O governo cubano, por meio de seu embaixador José R. Cabañas Rodríguez e do Centro de Investigações de Política Internacional (CIPI) em Havana, intensificou o estudo da movimentação militar dos Estados Unidos na região. Esta ação responde diretamente às recentes ameaças proferidas por Donald Trump de “tomar Cuba”, reacendendo a possibilidade de uma invasão para a qual o país caribenho se prepara historicamente.
Análise da Ameaça e Preparação Histórica
A percepção de risco militar dos Estados Unidos tem sido uma constante em Cuba desde o triunfo da Revolução em 1959. Segundo o embaixador Cabañas, essa ameaça ressurge consistentemente quando os EUA identificam um momento de fragilidade econômica na ilha que possa oferecer uma suposta chance de sucesso em uma intervenção. Consequentemente, a vigilância sobre as forças militares norte-americanas é ininterrupta.
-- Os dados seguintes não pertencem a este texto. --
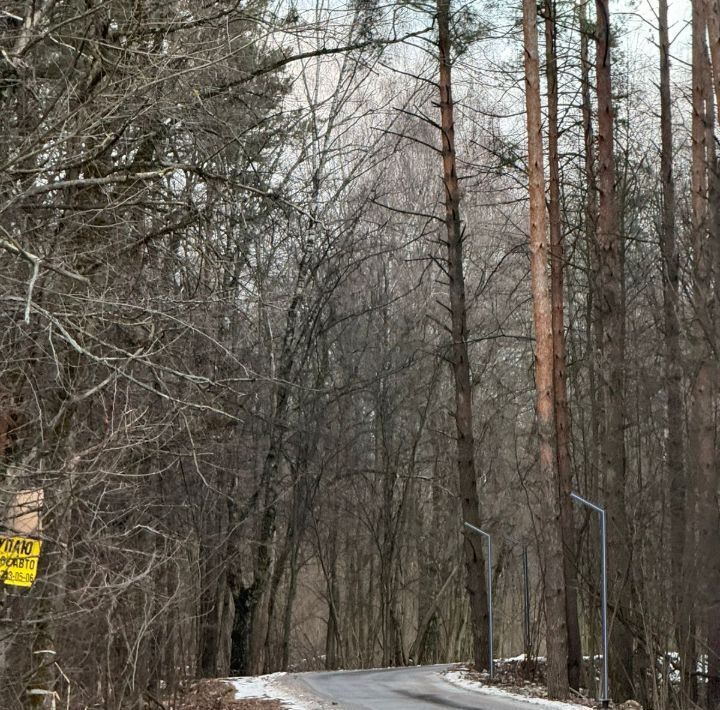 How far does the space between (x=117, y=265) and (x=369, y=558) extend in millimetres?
24861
O diretor do CIPI, em Havana, reiterou que os responsáveis por analisar a iminência de uma invasão realizam um trabalho contínuo, estudando os movimentos das forças militares. Além disso, ele enfatizou que as guerras contemporâneas podem ser travadas à distância, o que requer uma avaliação constante e detalhada do cenário geopolítico.
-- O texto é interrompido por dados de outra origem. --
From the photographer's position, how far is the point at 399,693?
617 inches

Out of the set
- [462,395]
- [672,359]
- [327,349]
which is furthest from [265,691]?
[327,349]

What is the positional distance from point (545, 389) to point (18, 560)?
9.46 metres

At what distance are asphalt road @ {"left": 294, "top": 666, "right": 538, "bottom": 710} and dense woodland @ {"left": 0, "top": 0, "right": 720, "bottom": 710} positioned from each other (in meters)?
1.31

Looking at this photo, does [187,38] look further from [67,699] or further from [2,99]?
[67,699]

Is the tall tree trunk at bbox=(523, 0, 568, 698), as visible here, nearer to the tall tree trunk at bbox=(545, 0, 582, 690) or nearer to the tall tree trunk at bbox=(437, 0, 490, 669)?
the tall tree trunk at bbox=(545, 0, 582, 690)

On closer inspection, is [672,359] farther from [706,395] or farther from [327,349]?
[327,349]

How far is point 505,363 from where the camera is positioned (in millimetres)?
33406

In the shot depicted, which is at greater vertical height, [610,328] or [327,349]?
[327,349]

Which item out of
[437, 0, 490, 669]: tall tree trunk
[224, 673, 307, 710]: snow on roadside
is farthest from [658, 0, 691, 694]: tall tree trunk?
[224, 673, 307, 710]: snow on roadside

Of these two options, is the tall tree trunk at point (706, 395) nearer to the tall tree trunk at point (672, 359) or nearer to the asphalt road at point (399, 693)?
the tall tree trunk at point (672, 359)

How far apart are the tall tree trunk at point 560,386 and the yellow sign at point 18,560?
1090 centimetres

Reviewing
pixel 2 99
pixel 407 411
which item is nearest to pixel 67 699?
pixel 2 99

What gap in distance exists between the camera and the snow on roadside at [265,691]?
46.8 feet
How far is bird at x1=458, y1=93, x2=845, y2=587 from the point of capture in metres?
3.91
Guantánamo e a Proximidade da Ameaça
A base naval estadunidense em Guantánamo, ocupada desde 1903, adiciona uma camada de complexidade à situação, pois os EUA já mantêm forças e recursos dentro do território cubano. Dessa forma, as gerações de cubanos cresceram e viveram sob a sombra dessa presença militar, um lembrete constante da vulnerabilidade territorial. Tal presença dispensa um deslocamento de tropas para iniciar uma ação, caso fosse essa a intenção.
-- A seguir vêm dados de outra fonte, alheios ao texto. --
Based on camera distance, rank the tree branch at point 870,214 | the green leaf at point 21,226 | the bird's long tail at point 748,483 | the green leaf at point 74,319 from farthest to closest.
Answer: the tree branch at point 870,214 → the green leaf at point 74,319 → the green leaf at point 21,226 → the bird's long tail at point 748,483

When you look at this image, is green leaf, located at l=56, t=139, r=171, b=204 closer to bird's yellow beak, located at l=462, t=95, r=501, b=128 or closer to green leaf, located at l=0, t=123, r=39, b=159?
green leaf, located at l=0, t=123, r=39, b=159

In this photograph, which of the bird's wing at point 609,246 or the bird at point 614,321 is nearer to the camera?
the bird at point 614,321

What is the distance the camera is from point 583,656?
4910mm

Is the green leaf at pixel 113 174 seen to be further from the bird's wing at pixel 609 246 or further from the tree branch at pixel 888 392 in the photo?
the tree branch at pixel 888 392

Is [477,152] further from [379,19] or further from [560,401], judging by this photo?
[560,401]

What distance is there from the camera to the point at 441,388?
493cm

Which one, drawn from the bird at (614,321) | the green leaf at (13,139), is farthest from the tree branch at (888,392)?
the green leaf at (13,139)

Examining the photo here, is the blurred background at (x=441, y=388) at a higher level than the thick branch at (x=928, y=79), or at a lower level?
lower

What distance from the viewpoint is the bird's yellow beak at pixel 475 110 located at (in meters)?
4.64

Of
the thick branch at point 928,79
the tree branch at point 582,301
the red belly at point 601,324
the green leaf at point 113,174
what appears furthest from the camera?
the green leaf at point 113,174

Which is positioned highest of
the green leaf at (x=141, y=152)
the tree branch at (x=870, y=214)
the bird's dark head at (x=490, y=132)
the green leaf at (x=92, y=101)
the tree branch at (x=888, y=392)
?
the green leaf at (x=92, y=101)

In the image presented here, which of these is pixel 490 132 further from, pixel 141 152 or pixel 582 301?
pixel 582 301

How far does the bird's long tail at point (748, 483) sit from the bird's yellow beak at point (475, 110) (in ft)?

A possibilidade de invasão parecia iminente em diversos momentos da história, como durante as intervenções dos EUA em Granada (1983) e no Panamá (1989), com uma notável mobilização de forças militares nas proximidades de Cuba em 1989. Contudo, a unidade do povo cubano, exemplificada na vitória da Praia Girón em 1961 contra uma invasão apoiada pelos EUA, é considerada a chave para enfrentar tais cenários.
Impacto do Bloqueio Econômico e Resposta
Paralelamente às ameaças militares, a Casa Branca tem renovado o bloqueio econômico imposto a Cuba, endurecendo as sanções e ameaçando países que comercializam petróleo com Havana. Esta política de pressão resultou em uma severa crise de abastecimento, deixando a ilha sem receber petróleo por mais de três meses, com consequências graves para a população.
Os relatos de cubanos em Havana confirmam que o país enfrenta um dos seus momentos mais críticos, caracterizado por apagões diários de até doze horas na capital e períodos ainda mais longos no interior. Um petroleiro russo conseguiu furar o bloqueio com cem mil toneladas métricas de petróleo bruto, oferecendo um alívio temporário, mas essa carga supre apenas um terço da demanda mensal.
Negociações e Denúncias Internacionais
Nesse contexto de escassez crítica e pressão externa, Havana e Washington iniciaram negociações em busca de um acordo para permitir a importação de petróleo por Cuba. No entanto, o diplomata José Cabañas ressaltou que Cuba não fará concessões que violem sua soberania, pois sempre negociou com os EUA e outras nações a partir de uma posição de igualdade, respeito e reciprocidade.
Adicionalmente, o presidente cubano, Miguel Díaz-Canel, denunciou publicamente na Organização das Nações Unidas (ONU) o bloqueio energético imposto pelos EUA como uma forma de punição coletiva. A medida, segundo ele, visa subjugar o povo cubano pela fome, doenças e escassez de bens essenciais, impactando diretamente mais de noventa e seis mil cubanos que aguardam cirurgias e milhares de pacientes que dependem de radioterapia e hemodiálise.
A Guerra de Informação
Diferentemente de épocas passadas, o cenário atual é marcado por um excesso de informações sobre uma possível invasão a Cuba, o que o diplomata Cabañas avalia como uma tática para amedrontar a população. Ele argumentou que as guerras modernas frequentemente utilizam a informação como arma, buscando “contaminar” e desanimar o país e seus habitantes que podem ser agredidos.
Portanto, a leitura da imprensa corporativa estadunidense, que frequentemente indica a possibilidade de invasão, é interpretada por Havana como uma tentativa de “intoxicar” a população cubana. Desse modo, a vigilância se estende não apenas aos movimentos militares, mas também às narrativas midiáticas, consideradas parte integrante das estratégias de pressão.